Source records

★ ★ ★ ★ ★

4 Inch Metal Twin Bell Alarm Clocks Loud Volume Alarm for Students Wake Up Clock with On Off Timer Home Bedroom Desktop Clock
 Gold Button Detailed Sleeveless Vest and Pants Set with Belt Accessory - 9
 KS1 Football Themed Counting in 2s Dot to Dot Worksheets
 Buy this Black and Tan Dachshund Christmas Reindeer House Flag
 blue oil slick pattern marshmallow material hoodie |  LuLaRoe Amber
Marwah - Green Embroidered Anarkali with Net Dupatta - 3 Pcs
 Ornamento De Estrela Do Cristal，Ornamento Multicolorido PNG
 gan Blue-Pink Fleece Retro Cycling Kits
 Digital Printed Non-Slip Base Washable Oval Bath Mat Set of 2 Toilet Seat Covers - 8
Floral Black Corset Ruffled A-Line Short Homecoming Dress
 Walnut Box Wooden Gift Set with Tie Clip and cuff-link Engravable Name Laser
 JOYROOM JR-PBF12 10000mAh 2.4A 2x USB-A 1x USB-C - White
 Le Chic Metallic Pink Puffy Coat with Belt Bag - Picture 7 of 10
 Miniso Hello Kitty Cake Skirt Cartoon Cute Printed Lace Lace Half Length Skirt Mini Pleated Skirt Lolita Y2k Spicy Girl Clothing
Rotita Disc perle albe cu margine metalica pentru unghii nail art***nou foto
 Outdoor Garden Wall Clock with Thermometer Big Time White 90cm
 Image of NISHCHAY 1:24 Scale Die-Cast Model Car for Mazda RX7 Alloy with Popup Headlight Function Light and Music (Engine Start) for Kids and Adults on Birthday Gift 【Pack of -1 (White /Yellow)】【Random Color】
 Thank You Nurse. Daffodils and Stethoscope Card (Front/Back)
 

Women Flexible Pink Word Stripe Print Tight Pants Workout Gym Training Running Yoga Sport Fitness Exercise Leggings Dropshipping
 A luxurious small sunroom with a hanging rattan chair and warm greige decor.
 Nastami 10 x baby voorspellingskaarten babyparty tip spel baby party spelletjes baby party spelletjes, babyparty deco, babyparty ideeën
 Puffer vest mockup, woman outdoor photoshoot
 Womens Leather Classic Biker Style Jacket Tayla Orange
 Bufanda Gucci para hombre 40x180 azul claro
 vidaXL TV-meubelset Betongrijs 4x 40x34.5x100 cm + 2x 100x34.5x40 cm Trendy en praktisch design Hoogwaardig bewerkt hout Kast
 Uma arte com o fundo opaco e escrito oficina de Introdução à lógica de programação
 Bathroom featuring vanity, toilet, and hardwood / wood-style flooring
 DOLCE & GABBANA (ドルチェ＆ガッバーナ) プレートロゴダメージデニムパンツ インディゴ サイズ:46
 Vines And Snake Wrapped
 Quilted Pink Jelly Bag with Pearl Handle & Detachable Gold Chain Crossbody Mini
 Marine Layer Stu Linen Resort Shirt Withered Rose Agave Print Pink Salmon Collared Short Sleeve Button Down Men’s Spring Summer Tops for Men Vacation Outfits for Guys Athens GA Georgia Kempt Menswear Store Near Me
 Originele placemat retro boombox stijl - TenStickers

★ ★ ★ ★ ★

• Work task
One stretch of the lines above is wanted, from the line that contains "Outdoor Garden Wall" through the line that contains "Quilted Pink Jelly". Output it exactly.

• Response
 Outdoor Garden Wall Clock with Thermometer Big Time White 90cm
 Image of NISHCHAY 1:24 Scale Die-Cast Model Car for Mazda RX7 Alloy with Popup Headlight Function Light and Music (Engine Start) for Kids and Adults on Birthday Gift 【Pack of -1 (White /Yellow)】【Random Color】
 Thank You Nurse. Daffodils and Stethoscope Card (Front/Back)
 

Women Flexible Pink Word Stripe Print Tight Pants Workout Gym Training Running Yoga Sport Fitness Exercise Leggings Dropshipping
 A luxurious small sunroom with a hanging rattan chair and warm greige decor.
 Nastami 10 x baby voorspellingskaarten babyparty tip spel baby party spelletjes baby party spelletjes, babyparty deco, babyparty ideeën
 Puffer vest mockup, woman outdoor photoshoot
 Womens Leather Classic Biker Style Jacket Tayla Orange
 Bufanda Gucci para hombre 40x180 azul claro
 vidaXL TV-meubelset Betongrijs 4x 40x34.5x100 cm + 2x 100x34.5x40 cm Trendy en praktisch design Hoogwaardig bewerkt hout Kast
 Uma arte com o fundo opaco e escrito oficina de Introdução à lógica de programação
 Bathroom featuring vanity, toilet, and hardwood / wood-style flooring
 DOLCE & GABBANA (ドルチェ＆ガッバーナ) プレートロゴダメージデニムパンツ インディゴ サイズ:46
 Vines And Snake Wrapped
 Quilted Pink Jelly Bag with Pearl Handle & Detachable Gold Chain Crossbody Mini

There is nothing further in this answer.